The Dockerfile, up front

If you’re in a hurry, copy this and skip to the gotchas. The rest of the post explains every line: why each stage exists, why these specific defaults, and the bugs that account for most production failures.

# Stage 1: deps
FROM node:20-alpine AS deps
WORKDIR /app
COPY package.json package-lock.json ./
RUN npm ci

# Stage 2: builder
FROM node:20-alpine AS builder
WORKDIR /app
COPY --from=deps /app/node_modules ./node_modules
COPY . .
ENV NEXT_TELEMETRY_DISABLED=1
RUN npm run build

# Stage 3: runner
FROM node:20-alpine AS runner
WORKDIR /app
ENV NODE_ENV=production NEXT_TELEMETRY_DISABLED=1
RUN addgroup --system --gid 1001 nodejs && adduser --system --uid 1001 nextjs
COPY --from=builder /app/public ./public
COPY --from=builder --chown=nextjs:nodejs /app/.next/standalone ./
COPY --from=builder --chown=nextjs:nodejs /app/.next/static ./.next/static
USER nextjs
EXPOSE 3000
ENV PORT=3000 HOSTNAME=0.0.0.0
CMD ["node", "server.js"]

Three stages: deps, builder, runner. The first two do work; only the third ships.

Why multi-stage

A naïve Dockerfile copies your source, installs dependencies, builds, and runs, all in one stage. The image you ship to production carries everything that helped you build it: the full Node toolchain, npm’s cache, dev dependencies, build artifacts you don’t need at runtime, your .git directory if you weren’t careful with .dockerignore. Easily 1+ GB.
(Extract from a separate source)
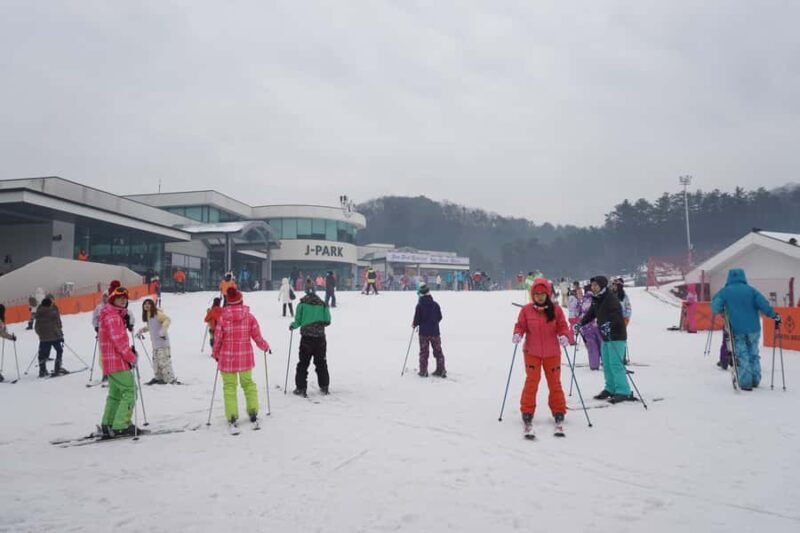 From Seoul: Jisan Forest Resort Ski Full-Day Tour or Shuttle - What Makes This Tour Stand Out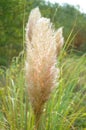 Pampas grass backlit by sun Royalty Free Stock Photo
Multi-stage builds let you do all that work in a “fat” intermediate image and then copy only the artifacts that need to ship into a clean final image. Each FROM starts a fresh image; COPY --from= reaches back into a previous stage to grab specific files.
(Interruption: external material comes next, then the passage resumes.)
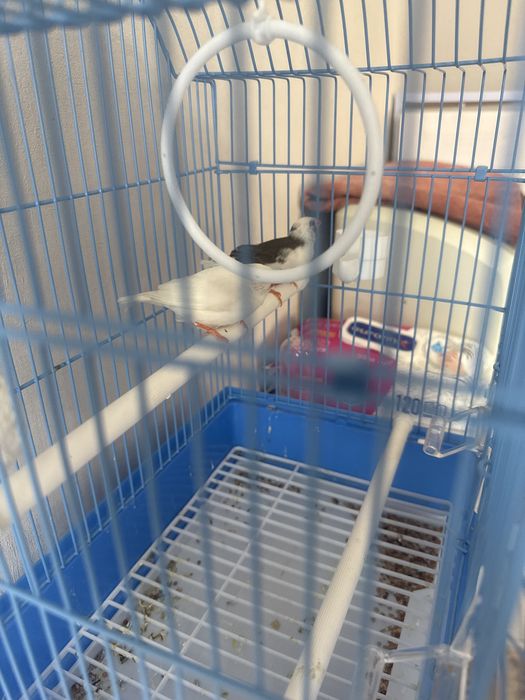 Құс сатылады әдемі таза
For Next.js, the practical result: ~150 MB final image vs ~1.2 GB single-stage. Why this matters in production:

  • Faster registry pulls on small VPSes or autoscaling platforms. Pulling 1.2 GB on a 100 Mbps link takes ~96 seconds; pulling 150 MB takes ~12.
  • Faster cold starts on platforms like Fly.io and Cloud Run, where containers start on demand.
  • Lower registry cost when you push every commit during the day.
  • Smaller security surface, with fewer packages carrying potential CVEs in production.
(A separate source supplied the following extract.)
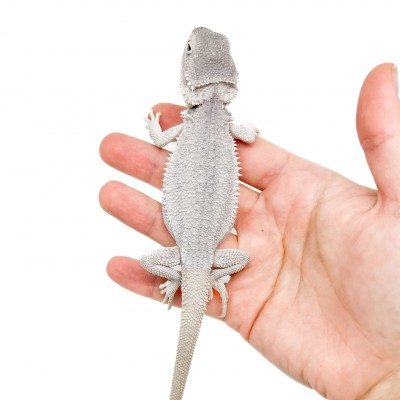 Pogona vitticeps "Hypo Zero" - Agame barbu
The mental shortcut: do the messy work in a fat intermediate image, ship only the artifacts that need to run.

Stage 1 — Dependencies

FROM node:20-alpine AS deps
WORKDIR /app
COPY package.json package-lock.json ./
RUN npm ci

node:20-alpine is a deliberate trade-off. Alpine Linux is ~50 MB; the standard node:20-slim is ~340 MB; node:20 (Debian-based) is ~1 GB. Alpine wins on size and is fine for almost every Next.js app I’ve shipped.

The catch with Alpine is musl libc instead of glibc. Some npm packages with prebuilt native binaries (historically canvas, sharp, certain database drivers) ship glibc binaries that don’t load on Alpine. If you hit a binary-compatibility error during npm ci, the fix is usually to switch this stage’s base to node:20-slim and accept the larger image. For a vanilla Next.js app, you’ll never see this.

Notice we copy only package.json and package-lock.json, not the source. This is layer-caching discipline. Docker caches each layer of the build; if a layer’s input hasn’t changed, it reuses the cached output. By isolating the dependency install layer to the lockfile, we get full cache reuse on every commit that doesn’t touch dependencies, which is most of them. If we copied the source first, every code change would re-run npm ci from scratch and cost minutes.

About npm ci vs npm install: ci is deterministic. It installs exactly what’s in the lockfile, fails if the lockfile is out of date, and is faster because it skips tree resolution. Always ci in Docker. (For Yarn: yarn install --frozen-lockfile. For pnpm: pnpm install --frozen-lockfile.)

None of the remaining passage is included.